┌─ SUPPLIED RECORDS

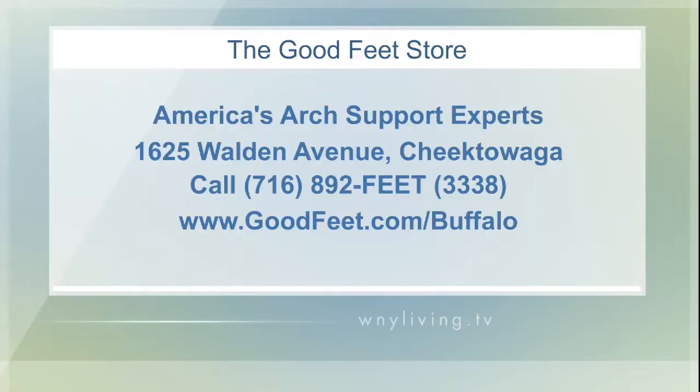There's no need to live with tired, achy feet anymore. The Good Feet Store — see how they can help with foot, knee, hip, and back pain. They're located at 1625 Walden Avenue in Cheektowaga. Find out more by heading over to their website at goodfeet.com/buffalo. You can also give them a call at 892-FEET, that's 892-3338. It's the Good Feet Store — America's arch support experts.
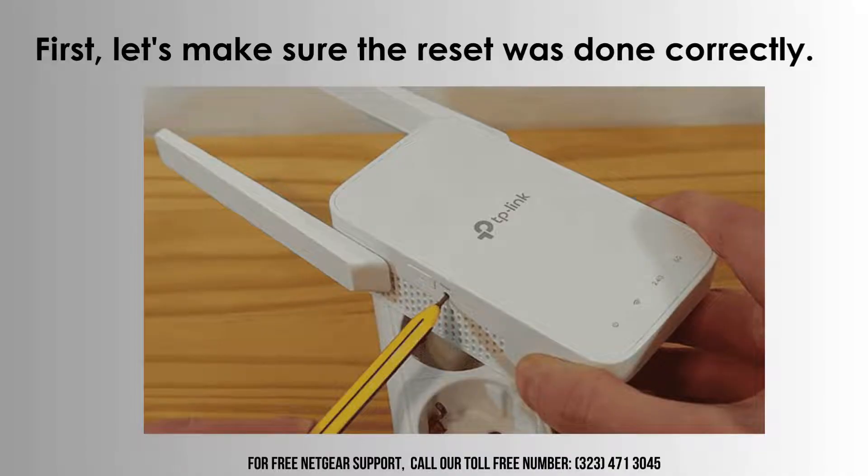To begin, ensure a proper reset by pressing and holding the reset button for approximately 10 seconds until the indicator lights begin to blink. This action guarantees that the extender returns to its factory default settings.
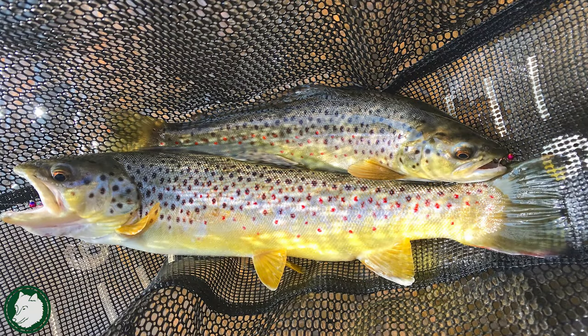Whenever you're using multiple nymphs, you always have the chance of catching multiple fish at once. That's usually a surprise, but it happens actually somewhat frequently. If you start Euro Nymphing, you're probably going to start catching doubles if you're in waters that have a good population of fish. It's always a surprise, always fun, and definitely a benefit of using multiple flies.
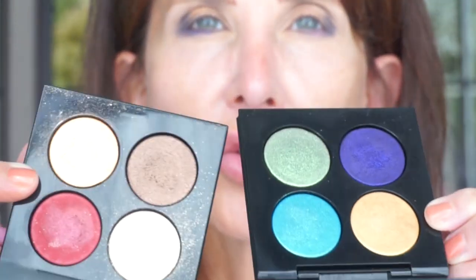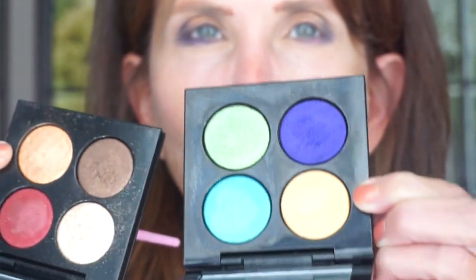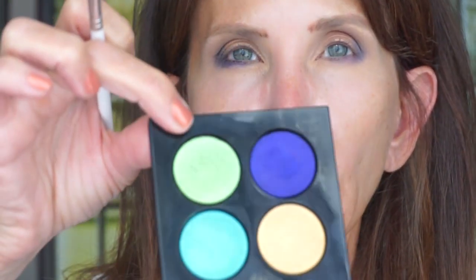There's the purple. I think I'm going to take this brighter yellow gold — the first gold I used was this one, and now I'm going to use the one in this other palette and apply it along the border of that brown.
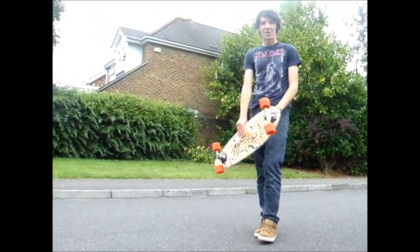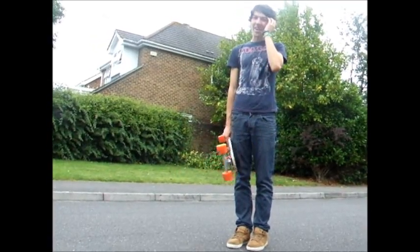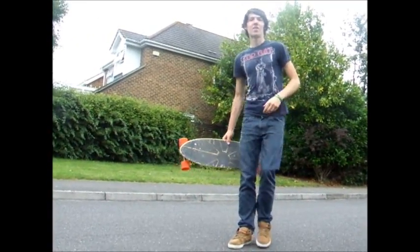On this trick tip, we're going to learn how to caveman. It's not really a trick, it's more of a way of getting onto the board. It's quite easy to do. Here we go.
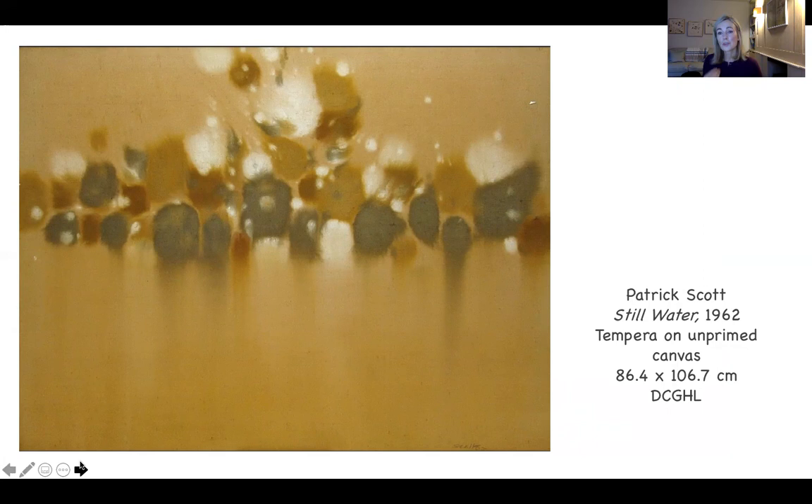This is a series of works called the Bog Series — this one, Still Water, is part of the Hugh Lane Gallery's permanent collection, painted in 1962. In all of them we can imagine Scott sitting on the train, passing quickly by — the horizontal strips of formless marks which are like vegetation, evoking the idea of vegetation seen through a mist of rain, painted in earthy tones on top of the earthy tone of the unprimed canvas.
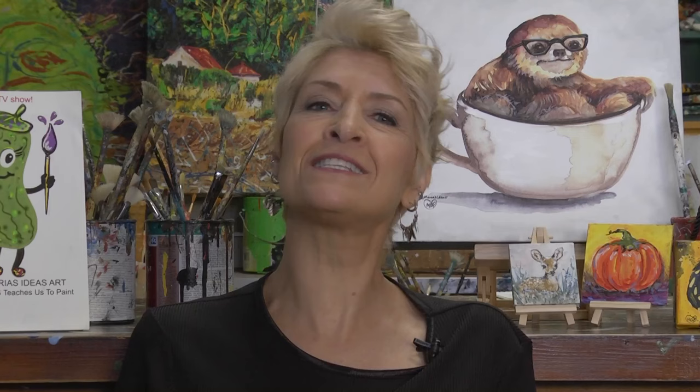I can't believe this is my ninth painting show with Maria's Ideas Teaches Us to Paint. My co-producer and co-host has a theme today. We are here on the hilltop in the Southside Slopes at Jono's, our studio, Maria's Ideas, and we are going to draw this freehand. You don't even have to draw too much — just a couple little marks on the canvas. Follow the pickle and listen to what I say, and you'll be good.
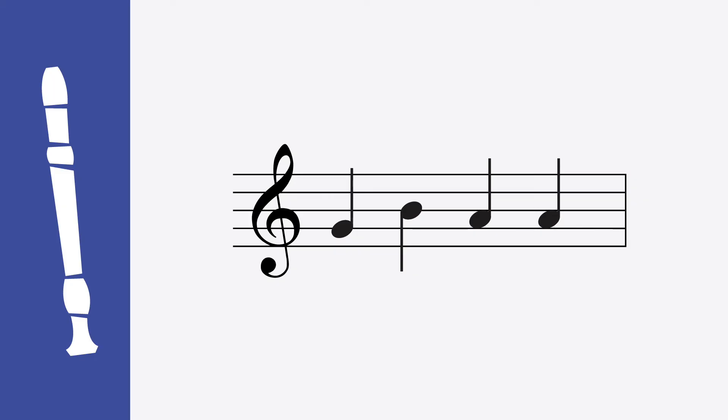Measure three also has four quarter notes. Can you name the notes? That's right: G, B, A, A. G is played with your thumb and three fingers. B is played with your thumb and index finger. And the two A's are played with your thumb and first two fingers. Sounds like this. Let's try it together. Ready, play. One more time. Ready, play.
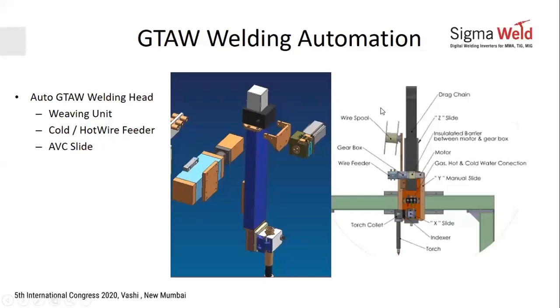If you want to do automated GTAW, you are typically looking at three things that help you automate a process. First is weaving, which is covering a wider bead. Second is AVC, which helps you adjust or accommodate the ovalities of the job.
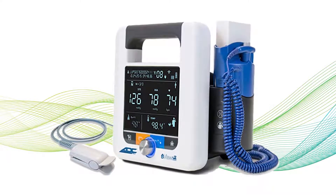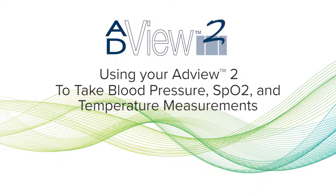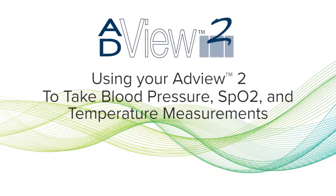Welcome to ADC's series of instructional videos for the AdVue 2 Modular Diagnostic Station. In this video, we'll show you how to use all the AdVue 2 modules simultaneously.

└─
┌─ SUPPLIED RECORDS

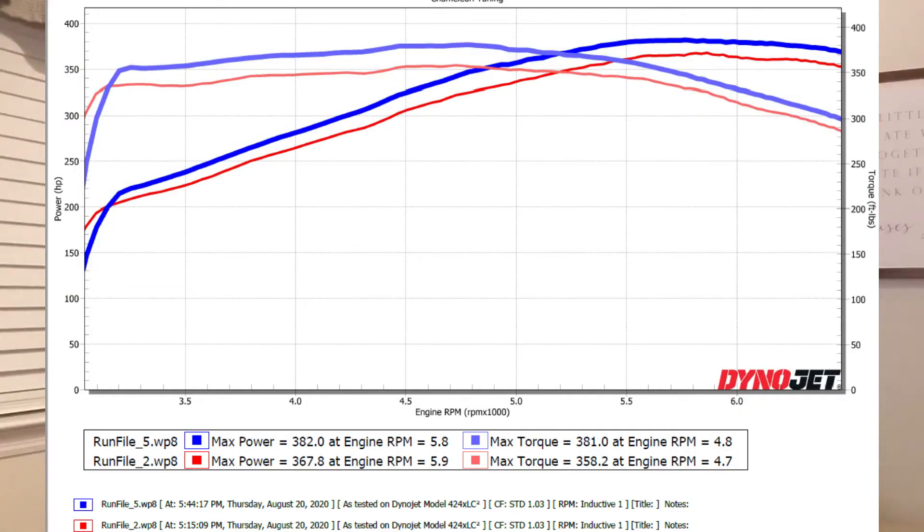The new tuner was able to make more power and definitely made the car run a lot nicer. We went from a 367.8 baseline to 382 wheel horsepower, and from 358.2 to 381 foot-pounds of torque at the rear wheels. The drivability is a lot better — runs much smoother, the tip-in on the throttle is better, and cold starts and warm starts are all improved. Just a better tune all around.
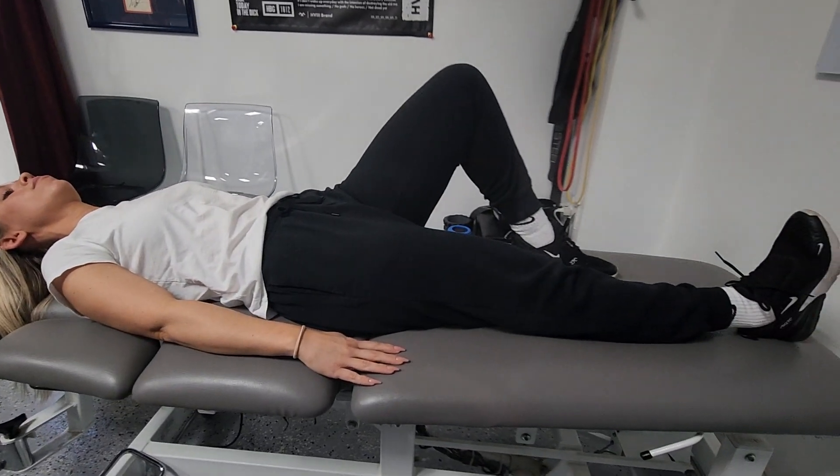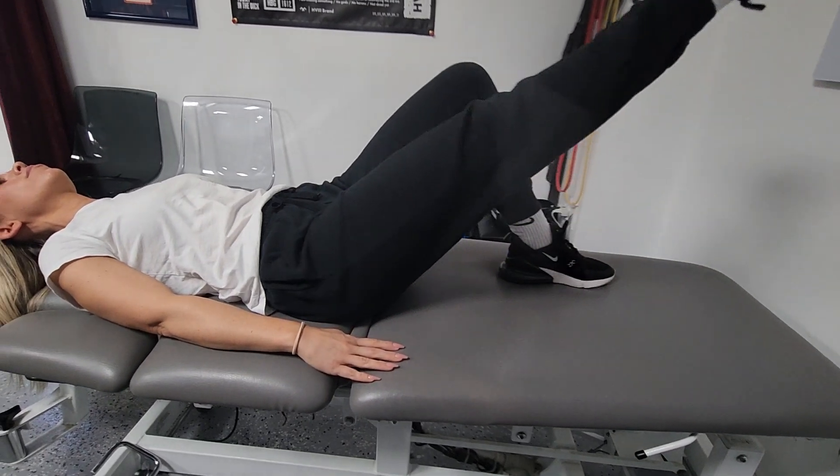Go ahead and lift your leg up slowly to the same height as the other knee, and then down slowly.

└─

YOUR TASK ▸
Nothing but the lines from the one with "The new tuner" up to and including the one with "Go ahead and" should be printed, exactly as they read above. Please keep the pictures out.

RESPONSE AREA ▸
The new tuner was able to make more power and definitely made the car run a lot nicer. We went from a 367.8 baseline to 382 wheel horsepower, and from 358.2 to 381 foot-pounds of torque at the rear wheels. The drivability is a lot better — runs much smoother, the tip-in on the throttle is better, and cold starts and warm starts are all improved. Just a better tune all around.
Go ahead and lift your leg up slowly to the same height as the other knee, and then down slowly.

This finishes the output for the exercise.